[[ Extracted data open ]]

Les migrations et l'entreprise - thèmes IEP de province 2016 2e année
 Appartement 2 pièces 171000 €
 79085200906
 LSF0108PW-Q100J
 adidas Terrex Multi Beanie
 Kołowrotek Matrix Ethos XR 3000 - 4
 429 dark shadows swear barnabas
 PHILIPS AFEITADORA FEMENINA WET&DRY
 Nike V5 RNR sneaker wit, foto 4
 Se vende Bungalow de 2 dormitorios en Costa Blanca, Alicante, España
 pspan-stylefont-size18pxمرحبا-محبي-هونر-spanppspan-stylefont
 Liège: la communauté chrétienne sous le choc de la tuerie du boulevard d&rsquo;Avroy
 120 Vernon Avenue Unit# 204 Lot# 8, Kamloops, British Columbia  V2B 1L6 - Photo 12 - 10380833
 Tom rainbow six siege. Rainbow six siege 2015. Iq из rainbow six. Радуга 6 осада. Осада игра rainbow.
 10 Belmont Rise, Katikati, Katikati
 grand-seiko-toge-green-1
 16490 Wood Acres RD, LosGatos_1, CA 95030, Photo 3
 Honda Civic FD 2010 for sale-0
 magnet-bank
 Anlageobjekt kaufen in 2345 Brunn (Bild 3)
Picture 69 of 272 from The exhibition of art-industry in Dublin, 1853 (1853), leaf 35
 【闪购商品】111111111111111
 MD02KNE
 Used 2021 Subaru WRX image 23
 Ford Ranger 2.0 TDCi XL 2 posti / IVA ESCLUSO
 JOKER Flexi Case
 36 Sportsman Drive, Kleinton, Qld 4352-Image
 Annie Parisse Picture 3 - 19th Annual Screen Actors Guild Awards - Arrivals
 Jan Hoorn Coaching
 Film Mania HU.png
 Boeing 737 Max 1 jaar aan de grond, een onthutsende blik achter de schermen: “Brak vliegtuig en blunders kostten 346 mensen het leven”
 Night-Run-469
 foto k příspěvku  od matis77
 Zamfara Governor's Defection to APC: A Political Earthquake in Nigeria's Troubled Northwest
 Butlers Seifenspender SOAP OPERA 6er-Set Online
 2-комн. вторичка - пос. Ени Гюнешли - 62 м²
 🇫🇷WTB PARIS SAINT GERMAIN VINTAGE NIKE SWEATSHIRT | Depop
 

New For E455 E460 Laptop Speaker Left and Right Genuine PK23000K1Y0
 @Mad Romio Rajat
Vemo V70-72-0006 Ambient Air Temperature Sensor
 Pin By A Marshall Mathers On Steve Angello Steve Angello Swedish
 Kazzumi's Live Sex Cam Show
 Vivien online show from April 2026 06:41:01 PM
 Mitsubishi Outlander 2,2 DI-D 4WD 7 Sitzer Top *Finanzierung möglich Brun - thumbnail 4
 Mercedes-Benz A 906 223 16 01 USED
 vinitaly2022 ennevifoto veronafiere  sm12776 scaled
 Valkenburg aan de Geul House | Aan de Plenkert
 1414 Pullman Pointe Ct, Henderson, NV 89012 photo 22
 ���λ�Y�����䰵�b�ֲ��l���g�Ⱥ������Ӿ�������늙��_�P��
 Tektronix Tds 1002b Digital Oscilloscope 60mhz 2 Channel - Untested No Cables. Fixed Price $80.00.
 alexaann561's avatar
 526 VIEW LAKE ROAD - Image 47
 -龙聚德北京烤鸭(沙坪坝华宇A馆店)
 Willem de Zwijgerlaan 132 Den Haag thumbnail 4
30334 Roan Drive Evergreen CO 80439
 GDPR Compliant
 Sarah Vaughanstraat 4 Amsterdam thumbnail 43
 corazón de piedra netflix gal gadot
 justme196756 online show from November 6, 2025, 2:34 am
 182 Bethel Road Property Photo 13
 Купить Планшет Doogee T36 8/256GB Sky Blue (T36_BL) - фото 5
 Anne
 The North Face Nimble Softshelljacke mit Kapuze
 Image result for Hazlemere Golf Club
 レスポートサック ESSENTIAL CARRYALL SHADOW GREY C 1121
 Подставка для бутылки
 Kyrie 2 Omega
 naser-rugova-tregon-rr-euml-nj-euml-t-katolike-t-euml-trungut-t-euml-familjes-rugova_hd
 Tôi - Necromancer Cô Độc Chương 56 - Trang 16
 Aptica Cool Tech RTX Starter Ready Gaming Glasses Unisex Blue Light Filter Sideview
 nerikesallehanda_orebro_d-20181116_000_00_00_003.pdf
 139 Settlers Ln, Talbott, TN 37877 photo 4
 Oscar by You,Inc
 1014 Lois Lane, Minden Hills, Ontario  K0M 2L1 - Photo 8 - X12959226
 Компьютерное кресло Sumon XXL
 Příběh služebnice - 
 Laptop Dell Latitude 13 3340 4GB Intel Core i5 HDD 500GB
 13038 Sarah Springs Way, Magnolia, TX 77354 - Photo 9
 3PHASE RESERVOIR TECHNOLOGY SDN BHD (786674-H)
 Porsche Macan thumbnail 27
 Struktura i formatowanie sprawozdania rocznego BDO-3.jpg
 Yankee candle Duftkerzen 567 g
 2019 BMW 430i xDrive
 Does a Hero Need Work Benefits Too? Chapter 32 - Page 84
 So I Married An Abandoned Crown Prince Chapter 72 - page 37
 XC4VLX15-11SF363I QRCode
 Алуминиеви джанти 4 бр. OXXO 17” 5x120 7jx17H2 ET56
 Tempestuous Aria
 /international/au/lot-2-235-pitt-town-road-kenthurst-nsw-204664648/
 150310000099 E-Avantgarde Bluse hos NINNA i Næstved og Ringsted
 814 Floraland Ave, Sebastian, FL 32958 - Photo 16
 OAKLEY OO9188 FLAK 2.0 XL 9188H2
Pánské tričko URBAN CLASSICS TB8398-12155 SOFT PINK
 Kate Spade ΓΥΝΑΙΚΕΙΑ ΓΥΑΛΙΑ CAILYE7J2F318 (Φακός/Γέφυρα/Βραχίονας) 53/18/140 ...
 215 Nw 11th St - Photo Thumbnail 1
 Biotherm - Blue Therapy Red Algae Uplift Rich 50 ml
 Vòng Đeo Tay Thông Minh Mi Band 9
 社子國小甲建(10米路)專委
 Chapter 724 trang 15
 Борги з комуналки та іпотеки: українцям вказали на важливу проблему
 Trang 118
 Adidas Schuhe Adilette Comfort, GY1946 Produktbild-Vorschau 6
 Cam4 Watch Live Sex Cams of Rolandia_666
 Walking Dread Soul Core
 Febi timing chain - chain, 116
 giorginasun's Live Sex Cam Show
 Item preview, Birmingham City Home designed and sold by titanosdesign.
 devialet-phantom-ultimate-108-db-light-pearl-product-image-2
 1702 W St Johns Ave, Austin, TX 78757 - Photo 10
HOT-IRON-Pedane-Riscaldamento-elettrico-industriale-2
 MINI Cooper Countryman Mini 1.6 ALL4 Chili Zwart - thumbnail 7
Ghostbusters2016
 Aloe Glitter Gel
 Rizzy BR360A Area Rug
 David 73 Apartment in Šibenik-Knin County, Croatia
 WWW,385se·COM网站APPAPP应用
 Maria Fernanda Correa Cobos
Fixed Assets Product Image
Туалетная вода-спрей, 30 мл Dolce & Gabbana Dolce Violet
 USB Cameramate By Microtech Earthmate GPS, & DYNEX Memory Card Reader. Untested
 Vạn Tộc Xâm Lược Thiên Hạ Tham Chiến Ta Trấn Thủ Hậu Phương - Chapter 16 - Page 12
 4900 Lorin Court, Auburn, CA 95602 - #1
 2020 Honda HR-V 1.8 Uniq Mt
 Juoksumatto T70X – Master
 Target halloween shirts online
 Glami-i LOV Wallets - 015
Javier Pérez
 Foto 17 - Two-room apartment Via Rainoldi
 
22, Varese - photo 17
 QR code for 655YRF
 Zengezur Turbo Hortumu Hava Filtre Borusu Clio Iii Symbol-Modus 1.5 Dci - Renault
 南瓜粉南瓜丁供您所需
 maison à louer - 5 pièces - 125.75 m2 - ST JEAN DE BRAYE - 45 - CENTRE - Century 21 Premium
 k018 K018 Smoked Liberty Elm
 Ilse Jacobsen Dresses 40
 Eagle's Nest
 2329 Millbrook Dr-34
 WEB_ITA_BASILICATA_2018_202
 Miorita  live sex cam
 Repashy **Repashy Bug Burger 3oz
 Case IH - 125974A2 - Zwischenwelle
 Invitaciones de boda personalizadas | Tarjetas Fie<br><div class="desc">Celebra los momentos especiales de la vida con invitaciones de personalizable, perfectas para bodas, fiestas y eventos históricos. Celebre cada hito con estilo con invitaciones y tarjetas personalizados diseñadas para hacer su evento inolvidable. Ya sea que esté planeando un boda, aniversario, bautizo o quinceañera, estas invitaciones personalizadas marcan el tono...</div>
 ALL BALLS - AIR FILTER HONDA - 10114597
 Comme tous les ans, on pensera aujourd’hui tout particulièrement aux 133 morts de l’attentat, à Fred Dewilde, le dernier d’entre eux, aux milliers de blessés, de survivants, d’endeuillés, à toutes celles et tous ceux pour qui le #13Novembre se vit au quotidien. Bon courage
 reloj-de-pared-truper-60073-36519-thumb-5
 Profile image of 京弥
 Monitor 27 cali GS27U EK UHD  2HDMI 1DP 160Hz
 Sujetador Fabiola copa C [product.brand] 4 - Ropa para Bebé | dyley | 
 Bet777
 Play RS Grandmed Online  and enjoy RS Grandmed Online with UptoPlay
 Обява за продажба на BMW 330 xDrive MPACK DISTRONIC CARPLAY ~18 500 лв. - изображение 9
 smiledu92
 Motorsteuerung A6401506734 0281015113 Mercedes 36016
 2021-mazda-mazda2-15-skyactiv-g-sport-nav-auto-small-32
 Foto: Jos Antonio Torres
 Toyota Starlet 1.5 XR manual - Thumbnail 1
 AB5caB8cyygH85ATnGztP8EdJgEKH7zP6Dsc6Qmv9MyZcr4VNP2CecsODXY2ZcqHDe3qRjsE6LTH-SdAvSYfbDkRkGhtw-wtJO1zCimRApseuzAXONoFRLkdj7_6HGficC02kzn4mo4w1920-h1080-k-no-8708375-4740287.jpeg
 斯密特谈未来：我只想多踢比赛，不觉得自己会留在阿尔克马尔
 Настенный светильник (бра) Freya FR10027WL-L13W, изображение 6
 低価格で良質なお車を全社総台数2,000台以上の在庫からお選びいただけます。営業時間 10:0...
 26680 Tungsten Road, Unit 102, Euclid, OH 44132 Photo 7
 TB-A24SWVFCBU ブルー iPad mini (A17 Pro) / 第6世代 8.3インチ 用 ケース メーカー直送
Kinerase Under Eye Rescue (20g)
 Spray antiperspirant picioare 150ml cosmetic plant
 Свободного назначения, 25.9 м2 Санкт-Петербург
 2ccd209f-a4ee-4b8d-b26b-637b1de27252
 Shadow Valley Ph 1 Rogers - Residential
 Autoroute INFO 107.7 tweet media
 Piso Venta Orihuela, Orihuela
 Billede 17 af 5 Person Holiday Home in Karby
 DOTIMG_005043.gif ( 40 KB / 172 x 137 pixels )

[[ Extracted data closed ]]

**Brief**
Among the lines above, find those holding "from" and copy each one.

**Result below**
Picture 69 of 272 from The exhibition of art-industry in Dublin, 1853 (1853), leaf 35
 Vivien online show from April 2026 06:41:01 PM
 justme196756 online show from November 6, 2025, 2:34 am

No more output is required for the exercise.